なぁ、セバスチャン。
世の中から英語がなくなれば、どんなに気分がスッキリとするものかなぁ。
----- これはこれは旦那さま。旦那さまが英語嫌いだってことは、セバスチャンはよぉく存じ上げておりますけどね。いったい、いきなりどうしたんでございますか?
いや、ただね。やっぱり英語は苦手だなって感情が沸々とわき上がってきたんだよ。この苦手って言うのは、嫌いって意味なんだけどね。
----- またでございますか。旦那さまは、タイでお仕事をされた時に何語を使われたのですか? 英語でございましょ? 旦那さまのタイ語のレベルではお仕事はできますまい。それに、旦那さまはヨーロッパの国々をまわられた時、何語で旅行をされたのですか? 英語でございましょ? 英語を使わずに旅行をするとお決めになったとたんに、チェコ語や、ハンガリー語や、ブルガリア語を習得しなくてはならなかったのでございましょ?
わたくしだって英語は苦手でございますが、この苦手というのは下手だという意味でございますが、スペイン語も日本語も通じないところを旅するときは、英語を使って旅行するのでございますよ。
まぁな。相手が英語を理解してくれることで助かったことは多かったよ。英語がなかったら、ジェスチャーと、表情と、テレパシーでコミュニケートするしかなかったからな。

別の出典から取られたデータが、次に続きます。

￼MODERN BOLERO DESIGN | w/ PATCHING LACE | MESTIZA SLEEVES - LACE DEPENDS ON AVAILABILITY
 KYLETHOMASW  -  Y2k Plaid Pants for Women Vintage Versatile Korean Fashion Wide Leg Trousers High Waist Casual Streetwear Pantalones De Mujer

----- そうでございましょう? ならば「英語が嫌い、英語が嫌い」っていつまでもおっしゃるのはおやめになったらいかがでございましょう。まるで駄々っ子のようでございます。
たしかに英語の便利さは分かってるさ、セバスチャン。日本の学校で教えられる外国語がパピアメント語やケチュア語じゃなくて英語でよかったって、旅行中ずっとそう思ってたさ。でもやっぱり、ボクは英語が嫌いなんだよ。
----- 旦那さまは、なんとかたくななんでございましょう。いったいどうしてそんなに英語がお嫌いなんでございましょう。
そうだなぁ。なんでかと言われると、ちゃんと説明したことはなかったな。
*****
つまりセバスチャン。英語が話せる人がダメだとか、英語が好きな人がダメだとか、そんな風には思ってないのさ。もちろん、英語が母国語の人がダメだなんて、思ってないよ。当然だけどね。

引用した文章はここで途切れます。